Que auditoria jurídica tem com o Rule of Law?
Jayme Vita Roso*
"È bello avere um’alternativa, nella vita".
Diego de Silva1
Ora, países africanos com tradição no common law, aparentemente, poderiam ser mais receptíveis à percepção e ao entendimento do rule of law, como há pouco mais de duas décadas ele vem sendo promovido, a partir da América Latina, para todo o mundo.
Embora não exista consenso quanto ao conceito de rule of law, nem da sua abrangência, muito menos da sua impostação política, há algumas pistas que vieram a se solidificar e, a partir de então, assentaram-se alguns princípios, aceitos sem reservas ou ressalvas, a saber, alimentar a construção da democracia, perseguir o desenvolvimento econômico, adotar o regime de trocas, reconstruir, estabilizar e reinventar sociedades conturbadas.
Essa tarefa, hoje em dia, vem sendo liderada com muita eficiência, pela American Bar Association - ABA, que aglutinou não somente advogados do próprio país, mas dos cinco continentes, como também agências multilaterais e internacionais, fundações privadas, sociedades de advogados de várias jurisdições, empresas de consultoria, ativistas de direitos humanos, da sociedade civil organizada, governantes e provedores de auxílios para todos as gamas de necessidades sociais.
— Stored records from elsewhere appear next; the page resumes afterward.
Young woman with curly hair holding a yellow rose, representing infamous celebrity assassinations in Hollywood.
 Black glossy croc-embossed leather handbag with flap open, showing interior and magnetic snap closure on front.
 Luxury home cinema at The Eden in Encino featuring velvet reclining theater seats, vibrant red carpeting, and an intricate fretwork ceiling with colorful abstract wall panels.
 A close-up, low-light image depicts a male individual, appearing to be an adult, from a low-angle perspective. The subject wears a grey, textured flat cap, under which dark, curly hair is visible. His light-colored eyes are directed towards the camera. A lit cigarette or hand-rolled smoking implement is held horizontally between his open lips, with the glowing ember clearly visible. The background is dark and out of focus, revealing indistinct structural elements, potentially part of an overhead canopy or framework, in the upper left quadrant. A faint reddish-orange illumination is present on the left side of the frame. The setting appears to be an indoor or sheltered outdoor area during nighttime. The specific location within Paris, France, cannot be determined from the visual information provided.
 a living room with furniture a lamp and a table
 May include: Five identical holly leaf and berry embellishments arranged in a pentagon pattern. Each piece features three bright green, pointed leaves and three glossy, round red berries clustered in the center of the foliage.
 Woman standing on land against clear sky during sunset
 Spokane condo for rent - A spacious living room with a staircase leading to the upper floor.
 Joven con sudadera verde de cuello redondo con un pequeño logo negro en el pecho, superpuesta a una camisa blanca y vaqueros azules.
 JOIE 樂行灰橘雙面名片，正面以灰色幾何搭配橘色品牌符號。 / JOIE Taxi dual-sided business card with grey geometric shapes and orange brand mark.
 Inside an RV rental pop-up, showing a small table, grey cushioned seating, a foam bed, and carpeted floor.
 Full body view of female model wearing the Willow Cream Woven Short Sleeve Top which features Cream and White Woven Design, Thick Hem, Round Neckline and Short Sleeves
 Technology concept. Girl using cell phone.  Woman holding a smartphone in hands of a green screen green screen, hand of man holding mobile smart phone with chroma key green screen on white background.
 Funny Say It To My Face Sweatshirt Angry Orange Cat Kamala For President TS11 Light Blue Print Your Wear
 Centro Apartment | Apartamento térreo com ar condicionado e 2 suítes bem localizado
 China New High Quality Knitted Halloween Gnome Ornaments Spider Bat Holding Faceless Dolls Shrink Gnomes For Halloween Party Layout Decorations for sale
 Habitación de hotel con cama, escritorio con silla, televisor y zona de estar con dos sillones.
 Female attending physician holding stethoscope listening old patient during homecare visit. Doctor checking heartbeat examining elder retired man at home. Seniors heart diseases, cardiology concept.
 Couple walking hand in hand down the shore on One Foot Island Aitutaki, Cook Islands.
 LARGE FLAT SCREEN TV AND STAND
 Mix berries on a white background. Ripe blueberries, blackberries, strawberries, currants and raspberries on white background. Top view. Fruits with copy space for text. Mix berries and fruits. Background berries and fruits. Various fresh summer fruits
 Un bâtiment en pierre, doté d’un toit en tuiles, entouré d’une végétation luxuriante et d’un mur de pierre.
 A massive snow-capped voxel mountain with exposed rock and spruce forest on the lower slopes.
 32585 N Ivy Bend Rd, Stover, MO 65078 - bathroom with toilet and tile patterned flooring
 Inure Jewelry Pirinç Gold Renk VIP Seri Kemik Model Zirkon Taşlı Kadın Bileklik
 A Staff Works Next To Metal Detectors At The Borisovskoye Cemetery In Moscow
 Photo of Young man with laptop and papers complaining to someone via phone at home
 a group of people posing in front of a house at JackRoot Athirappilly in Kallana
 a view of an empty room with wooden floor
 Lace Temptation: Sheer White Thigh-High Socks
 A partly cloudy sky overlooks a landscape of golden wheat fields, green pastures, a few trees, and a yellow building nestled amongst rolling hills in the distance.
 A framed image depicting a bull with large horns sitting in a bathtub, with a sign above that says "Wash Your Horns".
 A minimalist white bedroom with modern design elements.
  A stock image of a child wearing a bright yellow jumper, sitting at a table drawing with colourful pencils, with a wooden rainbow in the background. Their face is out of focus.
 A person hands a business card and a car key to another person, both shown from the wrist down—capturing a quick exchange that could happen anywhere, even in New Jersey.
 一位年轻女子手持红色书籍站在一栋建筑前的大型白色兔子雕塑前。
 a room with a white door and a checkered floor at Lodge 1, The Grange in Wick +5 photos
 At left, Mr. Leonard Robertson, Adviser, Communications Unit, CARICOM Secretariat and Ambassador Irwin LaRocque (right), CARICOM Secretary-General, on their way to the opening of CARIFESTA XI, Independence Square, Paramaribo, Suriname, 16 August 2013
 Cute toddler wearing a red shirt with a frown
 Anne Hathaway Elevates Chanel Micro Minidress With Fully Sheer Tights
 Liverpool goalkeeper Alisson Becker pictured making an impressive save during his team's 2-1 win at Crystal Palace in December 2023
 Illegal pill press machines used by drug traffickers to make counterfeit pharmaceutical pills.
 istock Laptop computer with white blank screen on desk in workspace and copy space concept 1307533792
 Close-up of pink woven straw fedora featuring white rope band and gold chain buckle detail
Além da ABA, também a Internacional Bar Association - IBA tem ido a fundo, promovendo vários eventos, a partir do inicio deste século.
Realce é de ser dado à Resolução que, em setembro de 2005, a IBA proclamou na cidade de Praga, partindo de pressupostos básicos de que o rule of law é o alicerce de uma sociedade civilizada, uma vez que ele assenta-se num processo estável, transparente que é, ao mesmo tempo, acessível e igual para todos. Sem consistir em contradição em termos, o rule of law assegura, portanto, que haverá princípios que liberam ou propiciam liberdade e proteção, em simultaneidade.
Quais foram os princípios adotados pela IBA, que se auto intitula, sem desnecessária modéstia, a voz global da profissão de advogado? São eles:
a) Judiciário independente e imparcial;
b) presunção de inocência;
c) direito a um justo e público julgamento sem indevido retardamento;
d) uma racional e proporcional punição;
e) forte e independente advocacia;
f) estrita proteção da confidencialidade entre o advogado e o cliente;
g) igualdade de todos diante da lei.
Mas, também, integram os princípios do rule of law e sua recusa: prisões arbitrárias; julgamentos secretos; indefinida detenção sem julgamento; cruel ou degradante tratamento ou punição e intimidação ou corrupção no processo eleitoral.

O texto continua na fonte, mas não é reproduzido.